Papola, Davidea,b; Ostuzzi, Giovannia; Thabane, Lehanab; Guyatt, Gordonb; Barbui, Corradoa

International Clinical Psychopharmacology: July 2018 - Volume 33 - Issue 4 - p 181–196
doi: 10.1097/YIC.0000000000000221
Review Article

To investigate the extent to which exposure to first-generation and second-generation antipsychotics (APs) is associated with an increased risk of fractures, with a particular focus on hip fractures, and to ascertain the risk associated with exposure to individual drugs. We included observational studies that reported data on fractures in individuals exposed to APs compared with unexposed individuals or individuals with previous exposure. We extracted information on study design, source of data, population characteristics, outcomes of interest, matching and confounding factors, and used a modified version of the Newcastle–Ottawa Scale to judge study risk of bias.
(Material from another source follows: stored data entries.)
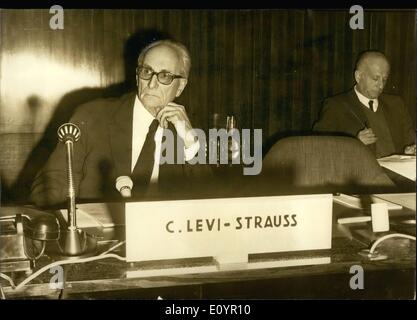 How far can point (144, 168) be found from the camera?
4.67 feet

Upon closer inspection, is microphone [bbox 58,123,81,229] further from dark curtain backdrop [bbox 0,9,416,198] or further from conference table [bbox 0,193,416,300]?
dark curtain backdrop [bbox 0,9,416,198]

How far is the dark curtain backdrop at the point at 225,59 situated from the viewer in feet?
4.49

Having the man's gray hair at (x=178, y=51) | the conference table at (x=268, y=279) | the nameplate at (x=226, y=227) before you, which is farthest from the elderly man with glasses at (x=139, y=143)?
the nameplate at (x=226, y=227)

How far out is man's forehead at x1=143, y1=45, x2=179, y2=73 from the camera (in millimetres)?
1381

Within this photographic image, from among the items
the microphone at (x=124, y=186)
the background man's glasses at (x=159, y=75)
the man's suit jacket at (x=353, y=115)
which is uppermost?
the background man's glasses at (x=159, y=75)

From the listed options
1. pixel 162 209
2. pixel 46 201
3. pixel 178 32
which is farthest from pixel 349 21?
pixel 46 201

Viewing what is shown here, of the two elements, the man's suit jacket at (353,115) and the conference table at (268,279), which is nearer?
the conference table at (268,279)

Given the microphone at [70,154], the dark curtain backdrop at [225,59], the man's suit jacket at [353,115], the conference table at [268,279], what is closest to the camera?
the conference table at [268,279]

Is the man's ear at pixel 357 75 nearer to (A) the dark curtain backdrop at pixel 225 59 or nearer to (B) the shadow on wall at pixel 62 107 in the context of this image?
(A) the dark curtain backdrop at pixel 225 59

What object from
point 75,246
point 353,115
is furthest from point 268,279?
point 353,115

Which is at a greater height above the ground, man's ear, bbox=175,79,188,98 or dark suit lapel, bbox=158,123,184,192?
man's ear, bbox=175,79,188,98

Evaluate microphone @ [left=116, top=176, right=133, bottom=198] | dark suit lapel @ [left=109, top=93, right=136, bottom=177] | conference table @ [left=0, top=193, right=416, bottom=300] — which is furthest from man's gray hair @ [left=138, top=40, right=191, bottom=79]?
conference table @ [left=0, top=193, right=416, bottom=300]

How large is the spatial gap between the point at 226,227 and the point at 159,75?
59cm

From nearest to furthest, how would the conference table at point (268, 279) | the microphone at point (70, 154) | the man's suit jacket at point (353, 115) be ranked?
the conference table at point (268, 279) < the microphone at point (70, 154) < the man's suit jacket at point (353, 115) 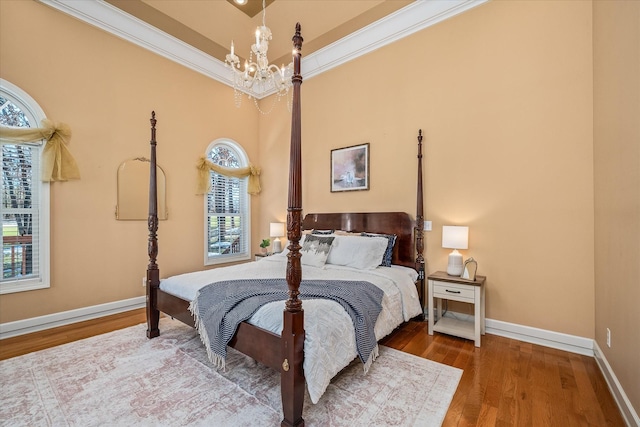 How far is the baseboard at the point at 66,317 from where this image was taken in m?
2.82

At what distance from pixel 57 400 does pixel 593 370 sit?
3849mm

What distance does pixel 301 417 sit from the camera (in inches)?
62.4

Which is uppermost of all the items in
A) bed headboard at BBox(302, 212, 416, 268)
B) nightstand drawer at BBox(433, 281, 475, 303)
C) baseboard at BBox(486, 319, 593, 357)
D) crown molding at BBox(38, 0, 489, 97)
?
crown molding at BBox(38, 0, 489, 97)

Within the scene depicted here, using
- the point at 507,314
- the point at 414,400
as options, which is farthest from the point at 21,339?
the point at 507,314

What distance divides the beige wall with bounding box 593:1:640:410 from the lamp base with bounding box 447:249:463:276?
3.39 ft

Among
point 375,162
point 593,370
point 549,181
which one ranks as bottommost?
point 593,370

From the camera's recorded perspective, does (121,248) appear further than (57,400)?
Yes

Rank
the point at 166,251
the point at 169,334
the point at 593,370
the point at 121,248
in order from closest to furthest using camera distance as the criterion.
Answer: the point at 593,370 → the point at 169,334 → the point at 121,248 → the point at 166,251

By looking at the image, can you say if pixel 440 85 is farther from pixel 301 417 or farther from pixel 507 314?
pixel 301 417

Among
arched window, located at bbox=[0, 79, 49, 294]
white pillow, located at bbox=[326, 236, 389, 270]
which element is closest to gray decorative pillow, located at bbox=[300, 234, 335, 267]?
white pillow, located at bbox=[326, 236, 389, 270]

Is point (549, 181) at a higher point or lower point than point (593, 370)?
higher

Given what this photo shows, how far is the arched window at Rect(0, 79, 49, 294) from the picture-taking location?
2865mm

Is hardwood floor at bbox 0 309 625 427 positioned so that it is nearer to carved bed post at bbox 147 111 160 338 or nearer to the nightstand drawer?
the nightstand drawer

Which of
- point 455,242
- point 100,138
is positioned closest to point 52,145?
point 100,138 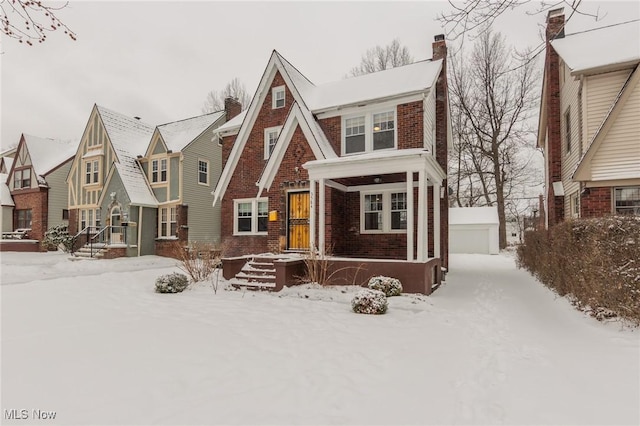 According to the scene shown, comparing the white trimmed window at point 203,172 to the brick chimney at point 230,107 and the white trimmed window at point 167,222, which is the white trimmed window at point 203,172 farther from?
the brick chimney at point 230,107

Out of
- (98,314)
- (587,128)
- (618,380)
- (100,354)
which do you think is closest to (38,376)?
(100,354)

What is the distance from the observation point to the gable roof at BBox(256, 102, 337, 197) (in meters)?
11.6

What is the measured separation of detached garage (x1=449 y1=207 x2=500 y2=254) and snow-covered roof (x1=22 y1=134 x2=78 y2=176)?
30281mm

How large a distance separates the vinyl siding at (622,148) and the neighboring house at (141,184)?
18.0 metres

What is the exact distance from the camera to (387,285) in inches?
332

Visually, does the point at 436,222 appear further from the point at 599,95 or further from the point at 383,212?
the point at 599,95

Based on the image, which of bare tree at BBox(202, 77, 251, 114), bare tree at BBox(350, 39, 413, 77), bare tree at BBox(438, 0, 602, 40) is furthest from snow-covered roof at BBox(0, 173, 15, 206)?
bare tree at BBox(438, 0, 602, 40)

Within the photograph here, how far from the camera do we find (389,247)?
1160 centimetres

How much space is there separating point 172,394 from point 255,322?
280 cm

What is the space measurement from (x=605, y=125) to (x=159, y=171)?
21.0 m

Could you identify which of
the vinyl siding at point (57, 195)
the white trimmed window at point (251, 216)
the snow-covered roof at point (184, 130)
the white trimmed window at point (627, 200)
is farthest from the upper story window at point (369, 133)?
the vinyl siding at point (57, 195)

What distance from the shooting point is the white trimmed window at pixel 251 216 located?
13.3m

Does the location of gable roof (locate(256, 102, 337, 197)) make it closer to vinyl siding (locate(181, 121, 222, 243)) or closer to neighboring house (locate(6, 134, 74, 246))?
vinyl siding (locate(181, 121, 222, 243))

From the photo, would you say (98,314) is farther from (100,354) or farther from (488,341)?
(488,341)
We pooled adjusted estimates of relative effects to generate pooled odds ratios (ORs) and their 95% confidence interval (CI) using a random-effects model. We rated the quality of evidence using the GRADE approach. Of 36 observational studies, 29 proved to have a low risk of bias and seven were found to have a high risk of bias. The risk of hip fracture (OR: 1.57, 95% CI: 1.42–1.74, low quality of evidence) and of any fracture (OR: 1.17, 95% CI: 1.04–1.31, very low quality of evidence) increased with exposure to APs, with similar increases in risk in the first generation and second generation. The risk was similar among different diagnostic categories. The few studies that provided data were insufficient to allow inferences on individual drugs. AP exposure in unselected populations was associated with a 57% increase in the risk of hip fractures and a 17% increase in the risk of any fractures. Between-study heterogeneity limits the confidence in this estimate.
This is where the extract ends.